RECORD EXTRACTS =
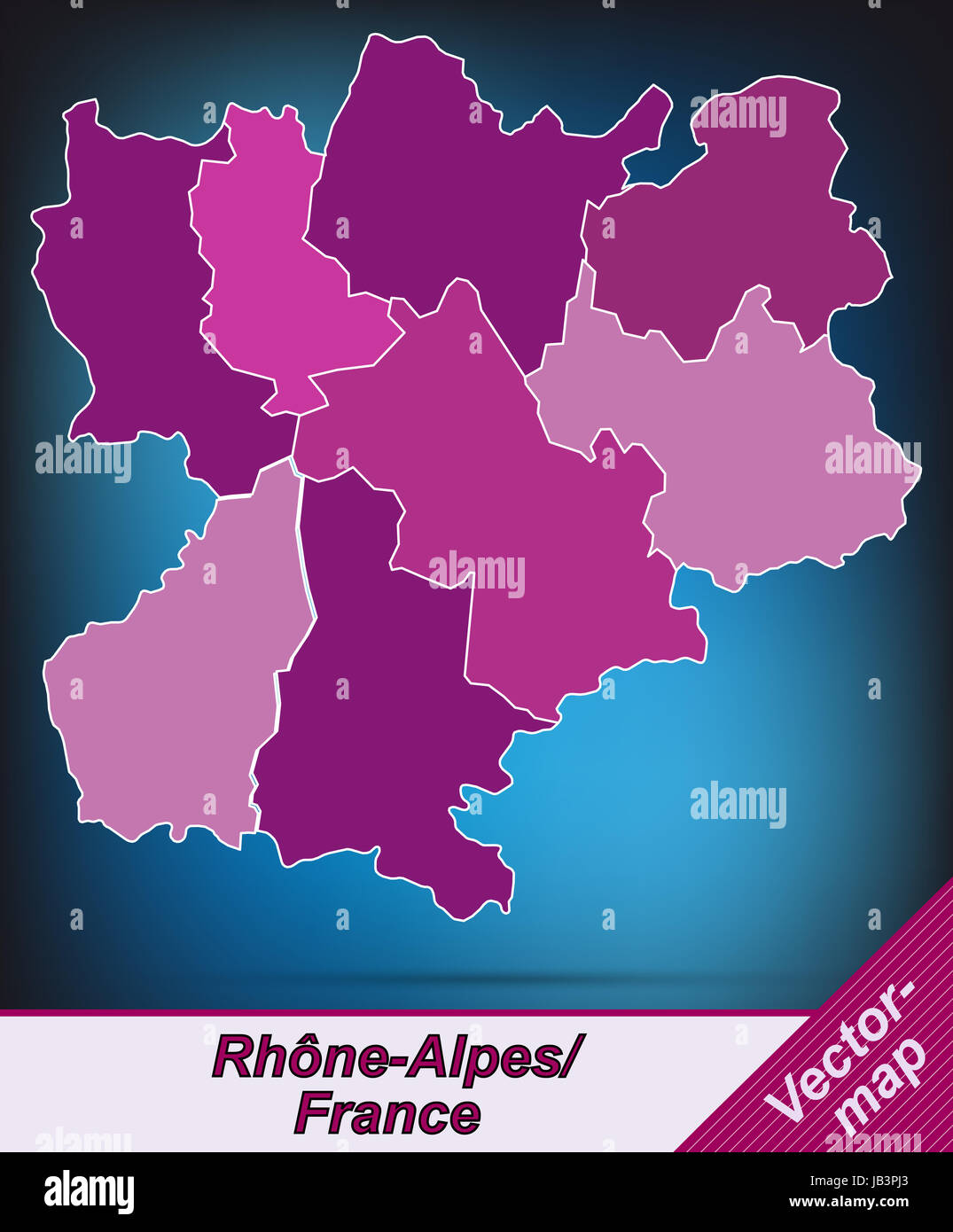 Rhrône-Alpes in Frankreich als Grenzkarte Mit Grenzen in Violett. Durch Die Ansprechende Gestaltung Fügt Sich Die Karte Perfekt in Ihr Vorhaben Ein. Stockfoto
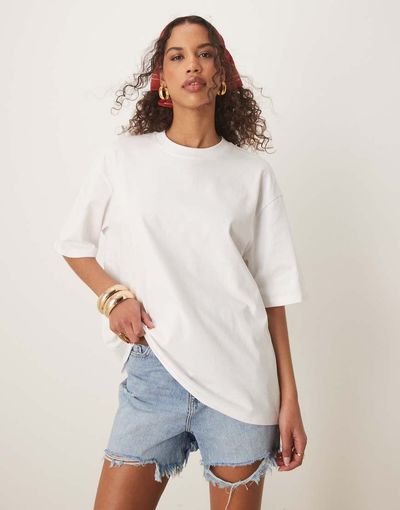 GINA TRICOT Gina Tricot short sleeve oversized t-shirt in white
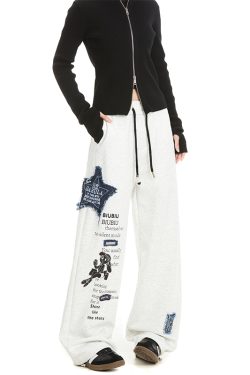Thickened Hip-Hop Street Dance Sweatpants for Women - Versatile American Denim Patch Embroidered Casual Straight-Leg Sports Pants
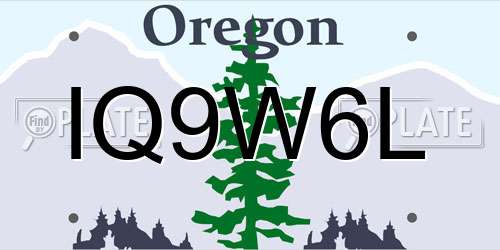 IQ9W6L Oregon License Plate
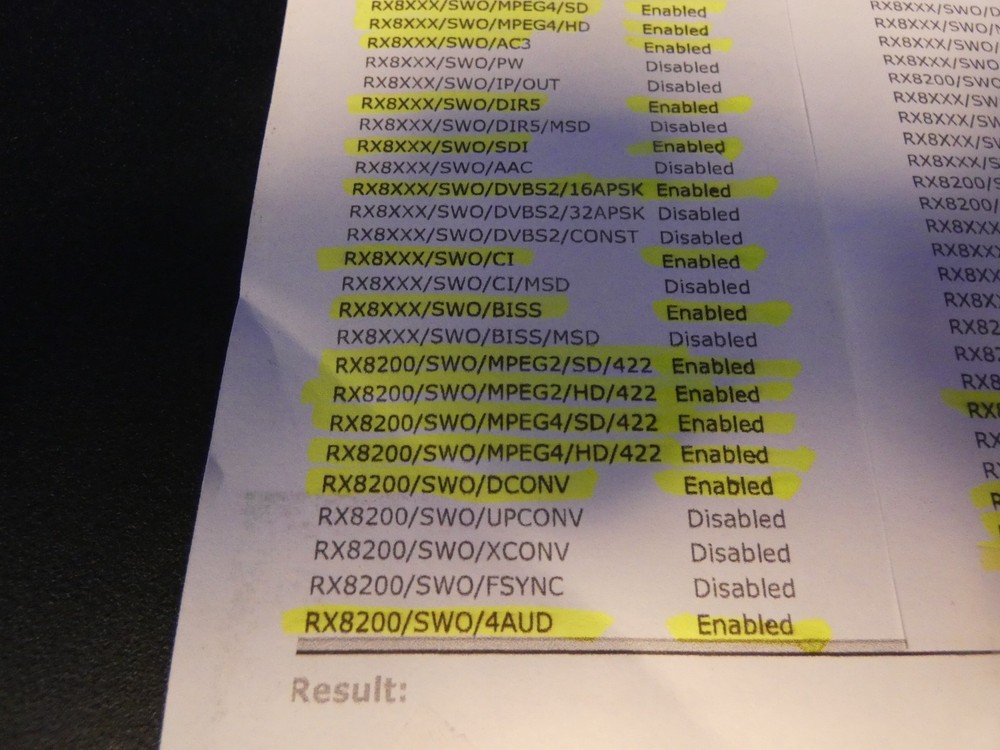 Ericsson RX8200 MPEG2/4 HD/SD Modular Receiver w/ 23 Enabled License Features
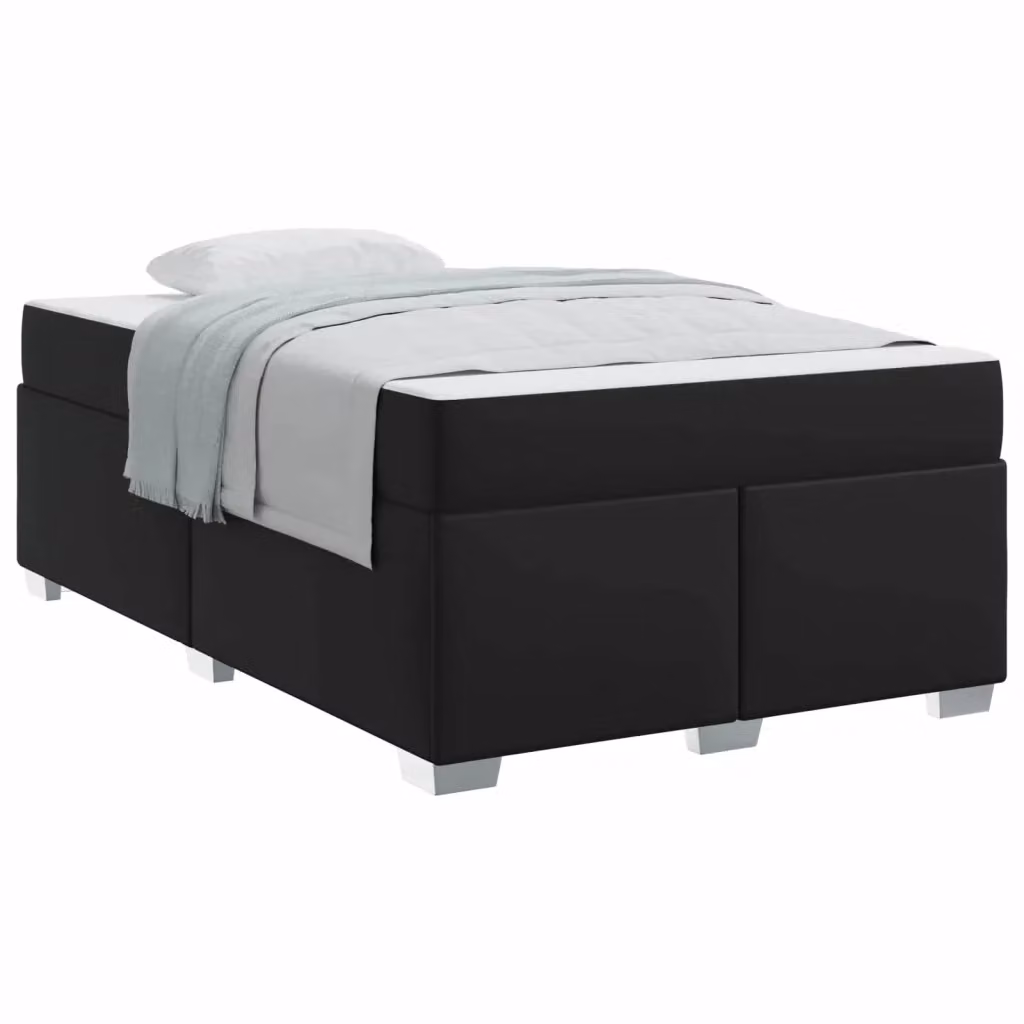 Struttura letto moderna vidaXL con materasso in tessuto nero L 120 x P 200 cm – 2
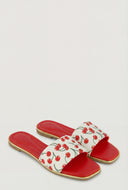 Cherry Print Slide Sandals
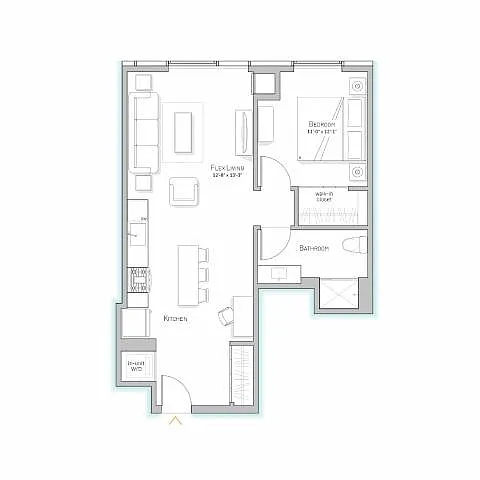 Floor plan Tier 01 - 749 SF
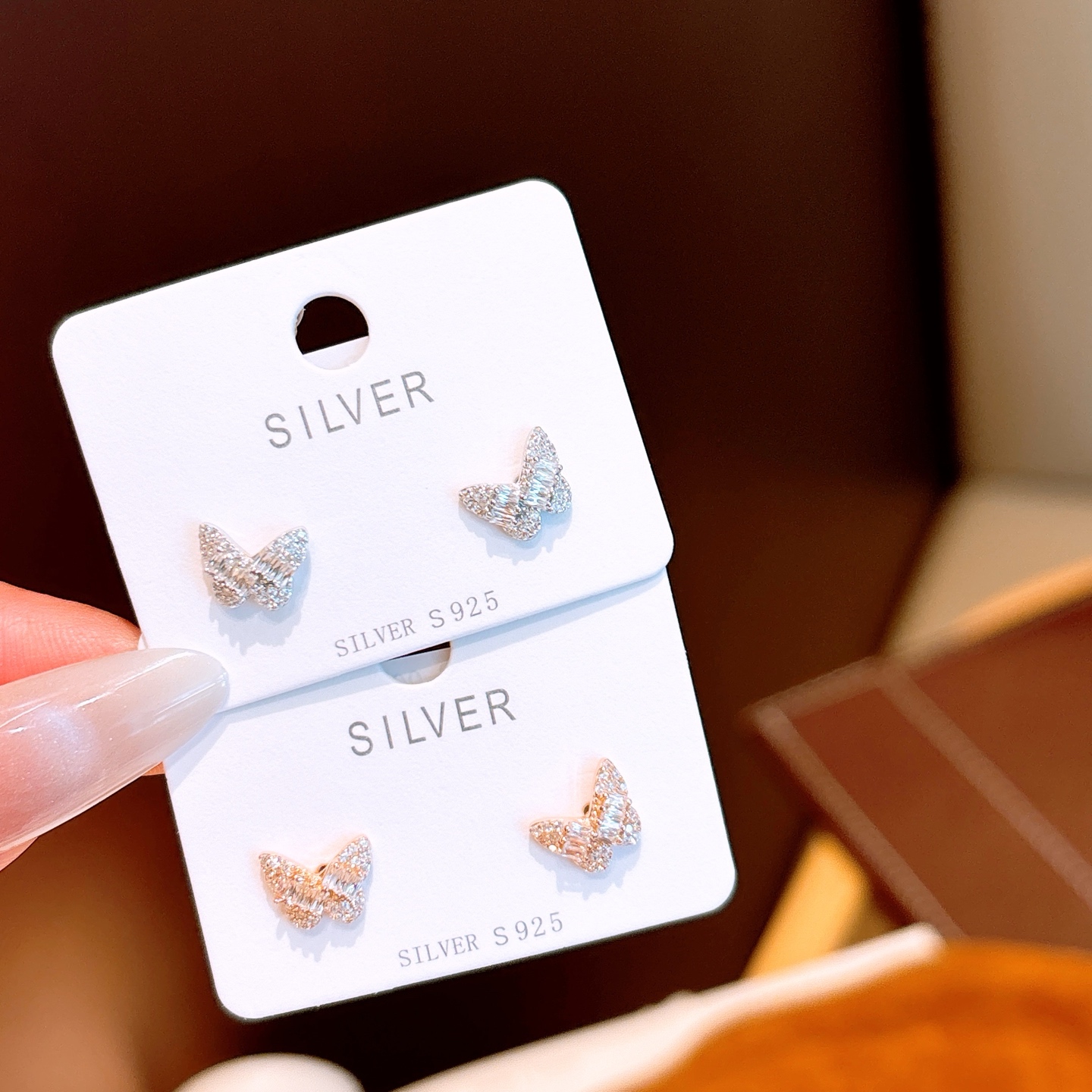 Fine Silver Earrings Romantic New Year Gold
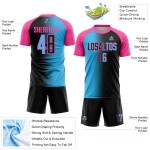 Fußball Blau-Rosa Jersey Mode Sublimation Uniform Schwarz Himmel Benutzerdefinierte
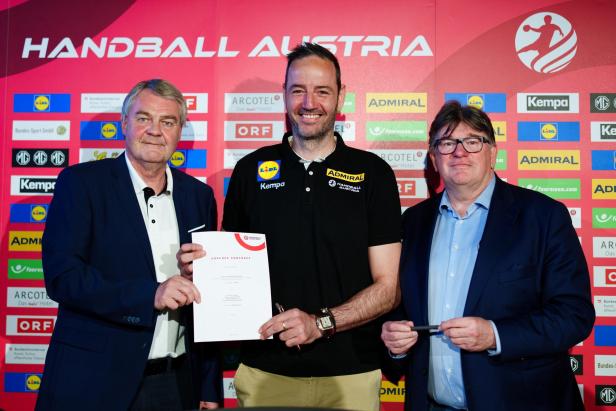 HANDBALL PK/PRÄSENTATION NEUER ÖHB-TEAMCHEF MÄNNER: PLAZER/ROMERO/DICKER HANDBALL PK/PRÄSENTATION NEUER ÖHB-TEAMCHEF MÄNNER: PLAZER/ROMERO/DICKER
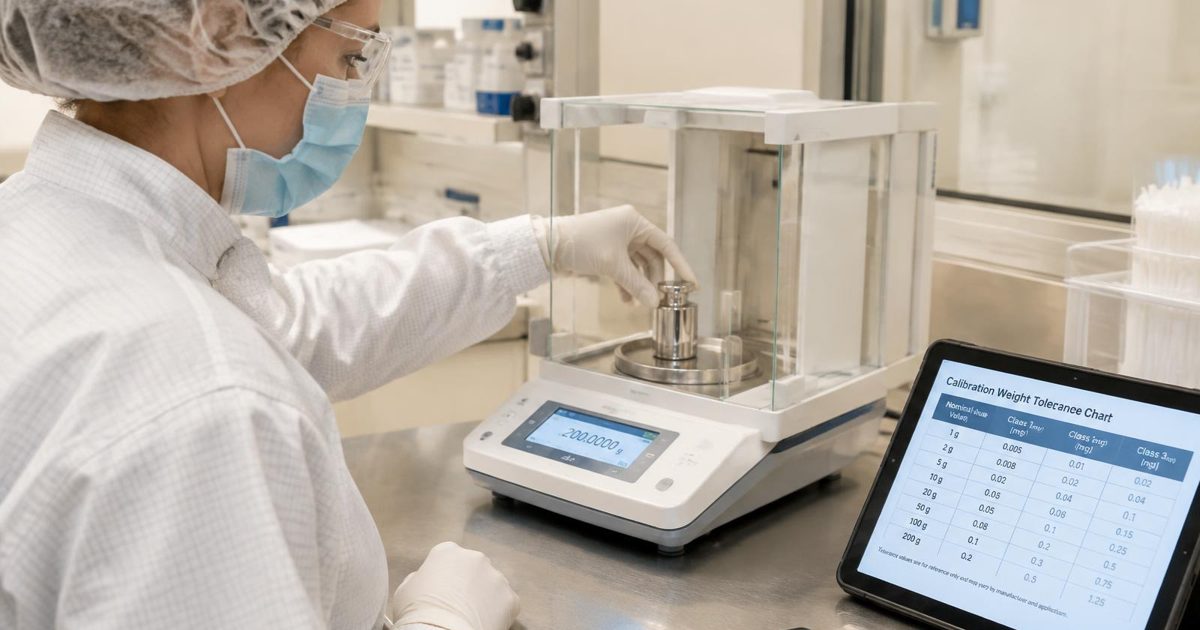 Technician in hair cover, mask, glasses and gloves checking an analytical balance with a calibration weight beside a tablet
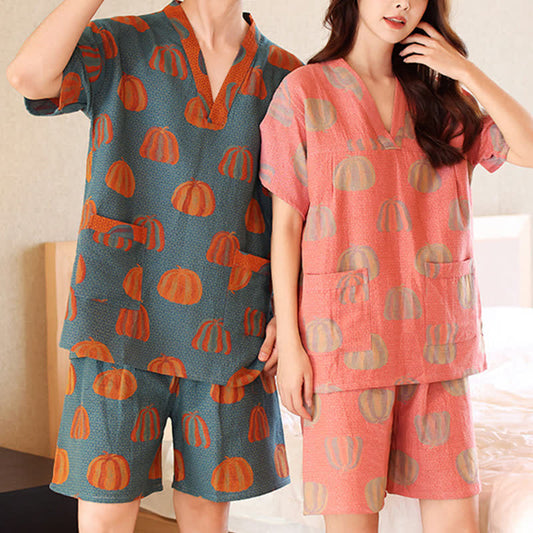 Plus Size Cotton Pumpkin Couple Pajama Set - image 1
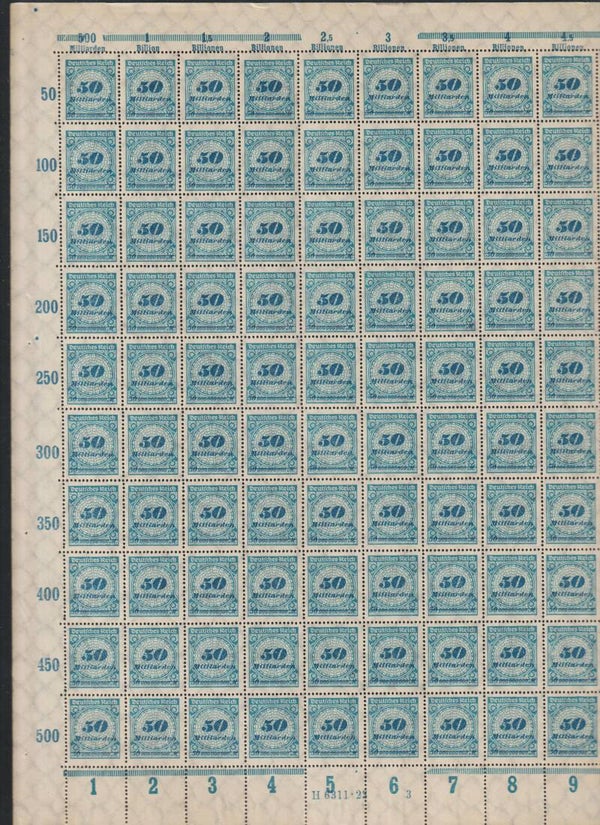 MiNr. 330 postfrischer Bogen, Oberrand B, Platte 3-3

TASK TO CARRY OUT =
Copy out exactly the lines from the one with "Struttura letto moderna" through the end of the listing, both ends included, omitting any picture.

SOLUTION TO THIS TASK =
 Struttura letto moderna vidaXL con materasso in tessuto nero L 120 x P 200 cm – 2
 Cherry Print Slide Sandals
 Floor plan Tier 01 - 749 SF
 Fine Silver Earrings Romantic New Year Gold
 Fußball Blau-Rosa Jersey Mode Sublimation Uniform Schwarz Himmel Benutzerdefinierte
 HANDBALL PK/PRÄSENTATION NEUER ÖHB-TEAMCHEF MÄNNER: PLAZER/ROMERO/DICKER HANDBALL PK/PRÄSENTATION NEUER ÖHB-TEAMCHEF MÄNNER: PLAZER/ROMERO/DICKER
 Technician in hair cover, mask, glasses and gloves checking an analytical balance with a calibration weight beside a tablet
 Plus Size Cotton Pumpkin Couple Pajama Set - image 1
 MiNr. 330 postfrischer Bogen, Oberrand B, Platte 3-3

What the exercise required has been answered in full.